Try it: Retype the records in full, exactly as they stand.

(Source data)
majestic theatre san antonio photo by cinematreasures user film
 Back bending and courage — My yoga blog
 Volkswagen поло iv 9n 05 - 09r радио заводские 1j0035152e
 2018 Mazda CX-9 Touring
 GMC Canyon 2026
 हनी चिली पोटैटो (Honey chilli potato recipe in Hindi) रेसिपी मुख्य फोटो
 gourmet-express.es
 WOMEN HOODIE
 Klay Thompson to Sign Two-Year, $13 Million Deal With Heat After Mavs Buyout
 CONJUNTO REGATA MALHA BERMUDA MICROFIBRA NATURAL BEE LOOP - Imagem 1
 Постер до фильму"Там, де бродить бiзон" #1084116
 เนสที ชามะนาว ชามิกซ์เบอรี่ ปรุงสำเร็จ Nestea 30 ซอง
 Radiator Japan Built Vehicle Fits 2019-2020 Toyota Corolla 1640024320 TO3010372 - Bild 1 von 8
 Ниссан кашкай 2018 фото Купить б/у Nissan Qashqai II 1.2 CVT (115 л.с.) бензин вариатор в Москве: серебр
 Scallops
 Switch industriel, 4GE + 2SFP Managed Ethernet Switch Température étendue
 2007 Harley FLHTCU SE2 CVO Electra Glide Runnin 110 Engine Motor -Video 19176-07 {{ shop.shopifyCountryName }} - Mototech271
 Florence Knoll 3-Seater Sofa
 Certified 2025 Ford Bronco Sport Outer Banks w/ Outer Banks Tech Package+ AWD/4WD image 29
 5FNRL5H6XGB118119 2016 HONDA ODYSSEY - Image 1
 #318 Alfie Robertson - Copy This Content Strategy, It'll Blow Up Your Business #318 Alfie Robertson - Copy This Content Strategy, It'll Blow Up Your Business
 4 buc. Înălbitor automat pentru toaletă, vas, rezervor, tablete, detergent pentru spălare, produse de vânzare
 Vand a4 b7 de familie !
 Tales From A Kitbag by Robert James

Task output:
majestic theatre san antonio photo by cinematreasures user film
 Back bending and courage — My yoga blog
 Volkswagen поло iv 9n 05 - 09r радио заводские 1j0035152e
 2018 Mazda CX-9 Touring
 GMC Canyon 2026
 हनी चिली पोटैटो (Honey chilli potato recipe in Hindi) रेसिपी मुख्य फोटो
 gourmet-express.es
 WOMEN HOODIE
 Klay Thompson to Sign Two-Year, $13 Million Deal With Heat After Mavs Buyout
 CONJUNTO REGATA MALHA BERMUDA MICROFIBRA NATURAL BEE LOOP - Imagem 1
 Постер до фильму"Там, де бродить бiзон" #1084116
 เนสที ชามะนาว ชามิกซ์เบอรี่ ปรุงสำเร็จ Nestea 30 ซอง
 Radiator Japan Built Vehicle Fits 2019-2020 Toyota Corolla 1640024320 TO3010372 - Bild 1 von 8
 Ниссан кашкай 2018 фото Купить б/у Nissan Qashqai II 1.2 CVT (115 л.с.) бензин вариатор в Москве: серебр
 Scallops
 Switch industriel, 4GE + 2SFP Managed Ethernet Switch Température étendue
 2007 Harley FLHTCU SE2 CVO Electra Glide Runnin 110 Engine Motor -Video 19176-07 {{ shop.shopifyCountryName }} - Mototech271
 Florence Knoll 3-Seater Sofa
 Certified 2025 Ford Bronco Sport Outer Banks w/ Outer Banks Tech Package+ AWD/4WD image 29
 5FNRL5H6XGB118119 2016 HONDA ODYSSEY - Image 1
 #318 Alfie Robertson - Copy This Content Strategy, It'll Blow Up Your Business #318 Alfie Robertson - Copy This Content Strategy, It'll Blow Up Your Business
 4 buc. Înălbitor automat pentru toaletă, vas, rezervor, tablete, detergent pentru spălare, produse de vânzare
 Vand a4 b7 de familie !
 Tales From A Kitbag by Robert James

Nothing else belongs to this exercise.